[Opening Records provided section]
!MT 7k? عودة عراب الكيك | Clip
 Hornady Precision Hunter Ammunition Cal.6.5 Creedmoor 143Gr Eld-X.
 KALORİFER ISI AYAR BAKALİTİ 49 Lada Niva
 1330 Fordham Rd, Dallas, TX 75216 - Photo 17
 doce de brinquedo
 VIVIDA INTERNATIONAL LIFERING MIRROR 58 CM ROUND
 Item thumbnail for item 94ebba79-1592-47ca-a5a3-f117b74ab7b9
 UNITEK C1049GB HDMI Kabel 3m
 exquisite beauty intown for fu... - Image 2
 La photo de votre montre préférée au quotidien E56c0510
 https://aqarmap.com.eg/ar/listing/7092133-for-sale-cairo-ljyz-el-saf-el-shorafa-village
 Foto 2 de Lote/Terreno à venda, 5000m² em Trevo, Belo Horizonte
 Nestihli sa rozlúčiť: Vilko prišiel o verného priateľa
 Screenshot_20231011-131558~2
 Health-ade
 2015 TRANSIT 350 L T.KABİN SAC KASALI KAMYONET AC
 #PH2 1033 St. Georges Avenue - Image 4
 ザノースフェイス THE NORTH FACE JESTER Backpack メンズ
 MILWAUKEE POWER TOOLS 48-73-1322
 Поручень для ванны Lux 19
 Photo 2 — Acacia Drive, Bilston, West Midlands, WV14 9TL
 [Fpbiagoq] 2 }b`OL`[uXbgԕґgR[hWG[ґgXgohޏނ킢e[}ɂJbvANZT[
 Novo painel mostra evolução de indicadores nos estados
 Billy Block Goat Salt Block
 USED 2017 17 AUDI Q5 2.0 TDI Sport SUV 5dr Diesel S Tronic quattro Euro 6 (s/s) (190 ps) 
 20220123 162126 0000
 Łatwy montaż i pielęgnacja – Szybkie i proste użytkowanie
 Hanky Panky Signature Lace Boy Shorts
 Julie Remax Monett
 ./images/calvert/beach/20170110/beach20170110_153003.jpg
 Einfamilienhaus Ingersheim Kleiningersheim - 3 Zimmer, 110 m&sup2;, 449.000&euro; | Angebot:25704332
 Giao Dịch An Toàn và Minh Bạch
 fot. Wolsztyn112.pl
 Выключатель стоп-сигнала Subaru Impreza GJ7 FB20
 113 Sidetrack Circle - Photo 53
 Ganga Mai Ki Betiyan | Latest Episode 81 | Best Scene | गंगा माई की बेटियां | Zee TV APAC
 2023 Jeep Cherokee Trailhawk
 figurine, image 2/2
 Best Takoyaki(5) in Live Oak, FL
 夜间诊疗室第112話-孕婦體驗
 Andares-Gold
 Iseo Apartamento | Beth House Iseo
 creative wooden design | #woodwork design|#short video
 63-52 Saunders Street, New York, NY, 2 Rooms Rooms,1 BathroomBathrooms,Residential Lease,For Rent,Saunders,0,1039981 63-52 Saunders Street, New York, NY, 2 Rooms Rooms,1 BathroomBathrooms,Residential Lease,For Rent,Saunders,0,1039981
[Closing Records provided section]
Give the records again, unchanged and complete.

_Response_.
!MT 7k? عودة عراب الكيك | Clip
 Hornady Precision Hunter Ammunition Cal.6.5 Creedmoor 143Gr Eld-X.
 KALORİFER ISI AYAR BAKALİTİ 49 Lada Niva
 1330 Fordham Rd, Dallas, TX 75216 - Photo 17
 doce de brinquedo
 VIVIDA INTERNATIONAL LIFERING MIRROR 58 CM ROUND
 Item thumbnail for item 94ebba79-1592-47ca-a5a3-f117b74ab7b9
 UNITEK C1049GB HDMI Kabel 3m
 exquisite beauty intown for fu... - Image 2
 La photo de votre montre préférée au quotidien E56c0510
 https://aqarmap.com.eg/ar/listing/7092133-for-sale-cairo-ljyz-el-saf-el-shorafa-village
 Foto 2 de Lote/Terreno à venda, 5000m² em Trevo, Belo Horizonte
 Nestihli sa rozlúčiť: Vilko prišiel o verného priateľa
 Screenshot_20231011-131558~2
 Health-ade
 2015 TRANSIT 350 L T.KABİN SAC KASALI KAMYONET AC
 #PH2 1033 St. Georges Avenue - Image 4
 ザノースフェイス THE NORTH FACE JESTER Backpack メンズ
 MILWAUKEE POWER TOOLS 48-73-1322
 Поручень для ванны Lux 19
 Photo 2 — Acacia Drive, Bilston, West Midlands, WV14 9TL
 [Fpbiagoq] 2 }b`OL`[uXbgԕґgR[hWG[ґgXgohޏނ킢e[}ɂJbvANZT[
 Novo painel mostra evolução de indicadores nos estados
 Billy Block Goat Salt Block
 USED 2017 17 AUDI Q5 2.0 TDI Sport SUV 5dr Diesel S Tronic quattro Euro 6 (s/s) (190 ps) 
 20220123 162126 0000
 Łatwy montaż i pielęgnacja – Szybkie i proste użytkowanie
 Hanky Panky Signature Lace Boy Shorts
 Julie Remax Monett
 ./images/calvert/beach/20170110/beach20170110_153003.jpg
 Einfamilienhaus Ingersheim Kleiningersheim - 3 Zimmer, 110 m&sup2;, 449.000&euro; | Angebot:25704332
 Giao Dịch An Toàn và Minh Bạch
 fot. Wolsztyn112.pl
 Выключатель стоп-сигнала Subaru Impreza GJ7 FB20
 113 Sidetrack Circle - Photo 53
 Ganga Mai Ki Betiyan | Latest Episode 81 | Best Scene | गंगा माई की बेटियां | Zee TV APAC
 2023 Jeep Cherokee Trailhawk
 figurine, image 2/2
 Best Takoyaki(5) in Live Oak, FL
 夜间诊疗室第112話-孕婦體驗
 Andares-Gold
 Iseo Apartamento | Beth House Iseo
 creative wooden design | #woodwork design|#short video
 63-52 Saunders Street, New York, NY, 2 Rooms Rooms,1 BathroomBathrooms,Residential Lease,For Rent,Saunders,0,1039981 63-52 Saunders Street, New York, NY, 2 Rooms Rooms,1 BathroomBathrooms,Residential Lease,For Rent,Saunders,0,1039981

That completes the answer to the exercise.